Disclosed first is a method of producing a DVD-stamper and a BD-stamper with reference to FIGS. 5A to 5H.

As shown in FIG. 5A, a photoresist layer 19 is formed by, for example, spin coating, on a glass plate 18 with the surface thereof being polished and cleaned, thus a blank master being produced.

Next, as shown in FIG. 5B, the glass plate 18 having the photoresist layer 19 thereon is exposed to a minute spot of a laser beam 20 converged by an objective lens 21.

The laser beam 20 is adjusted to have a specific wavelength so that pits are formed as having a size in compliance with the DVD- or BD-ROM specifications. For example, in production of a DVD-stamper, an ultraviolet laser is adjusted to have a wavelength in the range from 350 to 450 nm. Such an ultraviolet laser is an Ar laser, a Kr laser, an He—Cd laser, etc.
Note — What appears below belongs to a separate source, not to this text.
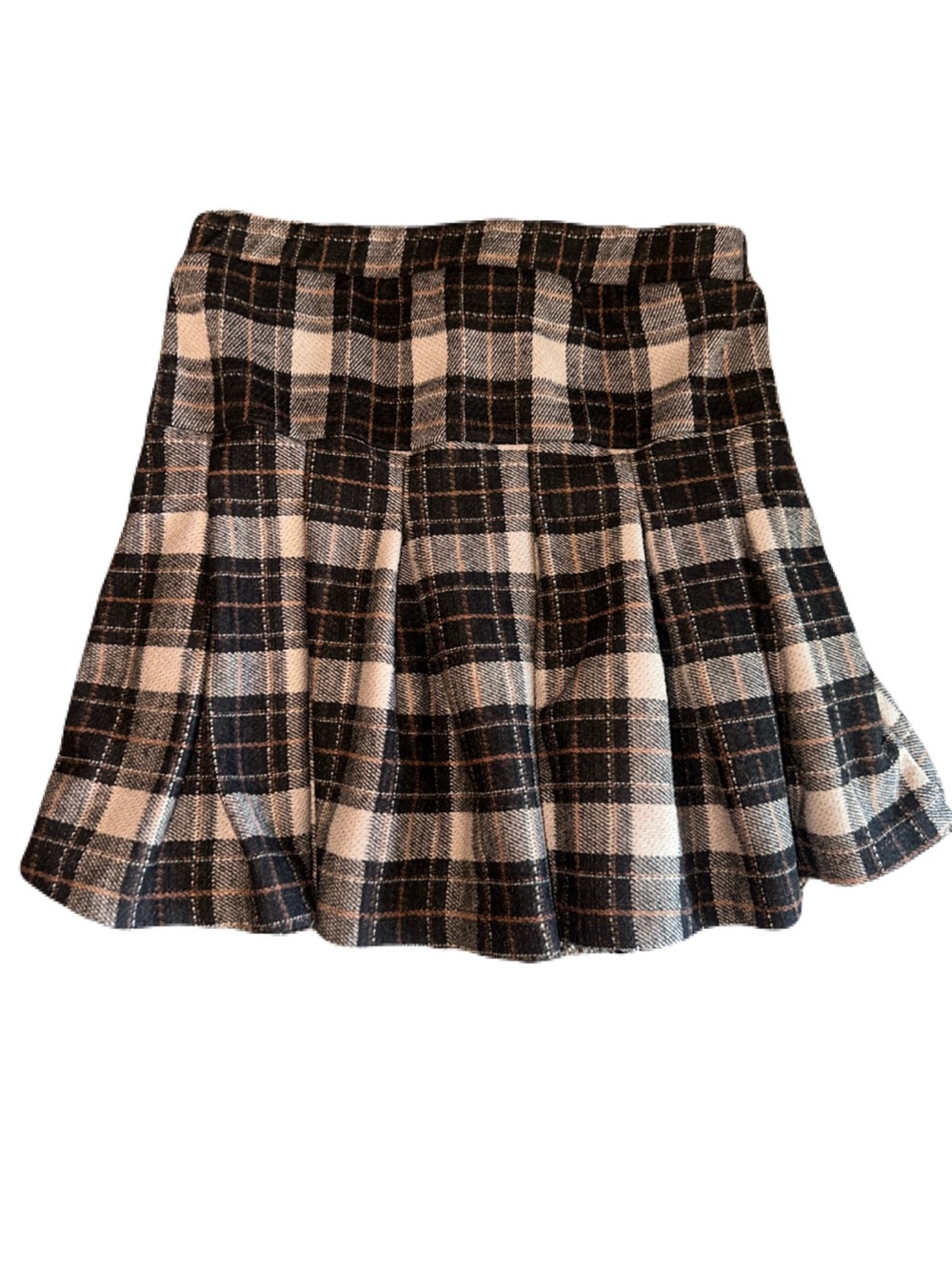 Emma & Elsa Plaid Skirt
Moreover, in production of a BD-stamper, a deep ultraviolet laser is adjusted to have a wavelength in the range from 200 to 300 nm.

The glass plate 18 is exposed to the laser beam 20 while it is rotating and moving at a constant speed. The laser beam 20 is turned on and off or continuously emitted to the plate 18.

Formed on the photoresist layer 19 in this process is a concentric or spiral latent image 22 that indicates each pit carrying a modulated signal in compliance with the DVD- or BD-ROM specifications.

Next, as shown in FIG. 5C, a glass plate having a string of pits 23 is produced in a developing process with an alkaline solution.

A conductive film 24, made of nickel, for example, is formed on the glass plate, as shown in FIG. 5D, by sputtering or electroless plating.

The glass plate is soaked into a nickel sulfamate, with the conductive film 24 and nickel as a cathode and an anode, respectively. A specific voltage is applied across the cathode and anode, thus nickel 25 being deposited on the glass plate, as shown in FIG. 5E.

The nickel 25 is removed from the glass plate, thus a metal master plate, or a stamper 26 is produced, as shown in FIG. 5F, which has a concave and convex pattern based on a data signal to be recorded.

The foregoing disclosed with reference to FIGS. 5A to 5F is a stamper production process.

The stamper 26 produced as above is used for mass production of optical discs in the following disc production process. In detail, the stamper 26 is subjected to post-treatments, such as, inner and outer diameter processing and rear-face polishing. It is then attached to a die and set in a molding machine.

As shown in FIG. 5G, a mold substrate 27 is produced with a synthetic resin that exhibits transparency, such as, acrylic and polycarbonate resin, using the stamper 26 as a die. This production process employs a compression molding, an injection molding or a photopolymer (2P) method. The thickness of the mold substrate 27 is adjusted in accordance with the type of optical discs.

The mold substrate 27 is then removed from the stamper 26, as shown in FIG. 5H.

In the 2P method, the mold substrate 27 is made of a photopolymerized polymer, such as, a UV (ultraviolet)-cured resin. The stamper 26 used in the 2P method may be a metal stamper of, for example, nickel, or a soft stamper (resin stamper) made of, for example, a transparent resin, like used for the mold substrate 27. When the metal stamper is used, the mold substrate 27 is exposed to UV rays so that the resin is cured. Thus, UV rays must be emitted to the substrate side with the resin applied thereon. In contrast, when the soft stamper is used, since UV rays pass through the stamper and also the resin of the substrate 27. Therefore, UV rays can be emitted to either the stamper side or the substrate side.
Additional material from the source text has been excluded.